Falzhaefengilt manifests itself as a desire of the individual to downplay the act, or run from the scene of the act, take careful steps to ensure that the act is anonymous and untraceable, or follow up the act with self-deprecating statements. The individual may sometimes wish to make excuses for the act. In other words the behavior leading up to or following the act has all the appearance of a guilty conscience.
Schindler's List dramatized it.
It is uncertain how common Falzhaefengilt is but there is plenty of evidence to suggest that it is rather common.
Mother Teresa may also have experienced it.
I spoke [to others] as if my very heart was in love with God—tender, personal love. If you were [there], you would have said, "What hypocrisy."

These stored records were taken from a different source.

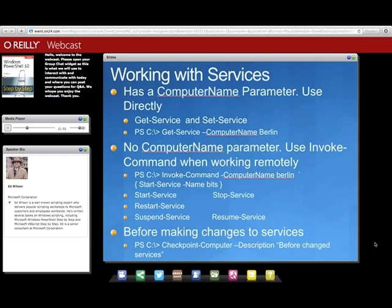When working with services, I can use the get-service cmdlet and change things with the set-service cmdlet. There's no computer name parameter, but that's not a big deal because I'd have to open firewall holes for it to work anyway. So we're going to use invoke-command, which was first introduced in PowerShell 2 and continues in PowerShell 3. Invoke-command allows me to run commands against a remote computer using the WinRM protocol.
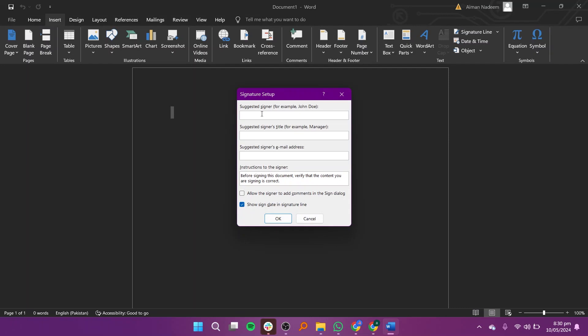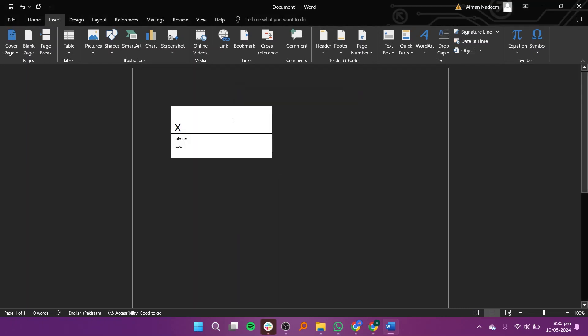Fill in the details for the suggested signer, including their name and optionally their email address. Click OK to insert the signature line into the document.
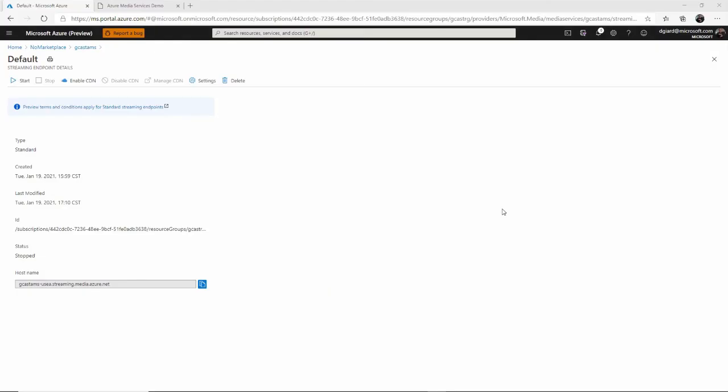In this video, I showed you how to take an asset created in Azure Media Services and share that with the world after it's been encoded. This is David. Thank you for watching.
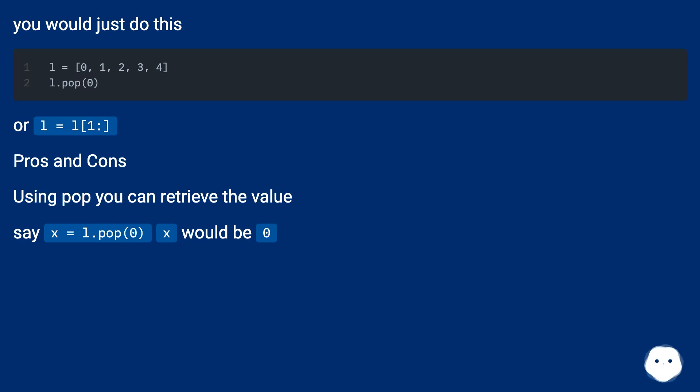You would just do this, or l equals l[1:].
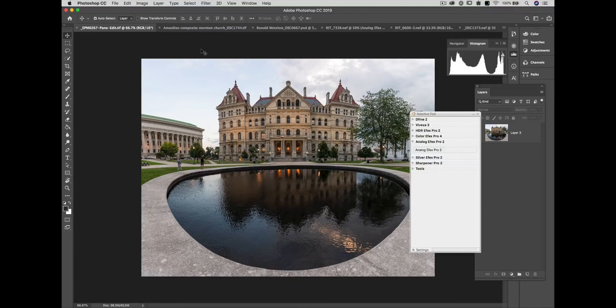Hello, ladies and gentlemen, and welcome to the demonstration. We're going to be talking about creative uses of Analog Effects Pro 2. My name is Dan Hughes and I'm going to be walking you through this demonstration. I'm going to be launching Analog Effects from Photoshop today, although you could be launching the software from Lightroom or from Photolab 2.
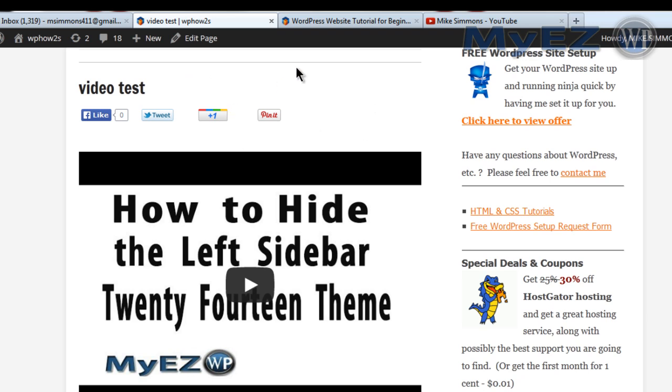Hope you guys found this video helpful. If you did, please give it a thumbs up, add it to your favorites, and subscribe to my channel. As always, keep on keeping on.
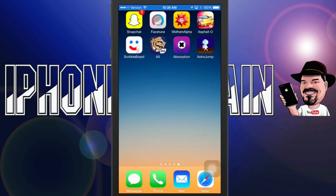Hey YouTube, it's Mitch at iPhoneCaptain.com sitting in for Mod My Eye today for the top 5 free iOS apps for the week.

Her spiritual agony was exploited by her critics who viewed her as a fraud. They claimed that the phenomenon of Mother Teresa was driven by feelings of guilt called Middle Class or Bourgeois Guilt. Mother Teresa supposedly took advantage of this. (Though what this "advantage" got her is unclear).
However, Falzhafengilt is not a feeling that arises from ignorance of the "interior life" or without consideration for the lower emotions. It is not the product of hypocrisy or unexpressed guilt. The person who suffers from Falzhaefengilt is aware of the fact that his or her own motivations for the act are not genuine or pure. That is part of the spiritual problem. The charitable act happens despite guilt not because of it and knowing that feelings of guilt (in terms of one's own fallen nature) will remain.
It can be anticipated that exploring Falzhaefengilt will lead us to other important questions. I do not claim to have any of the answers to these questions. But a respectful dialog may help to form a clearer picture of the interior struggles of sinners and saints, the nature of morality, and our relationship with other's as a community and as individuals.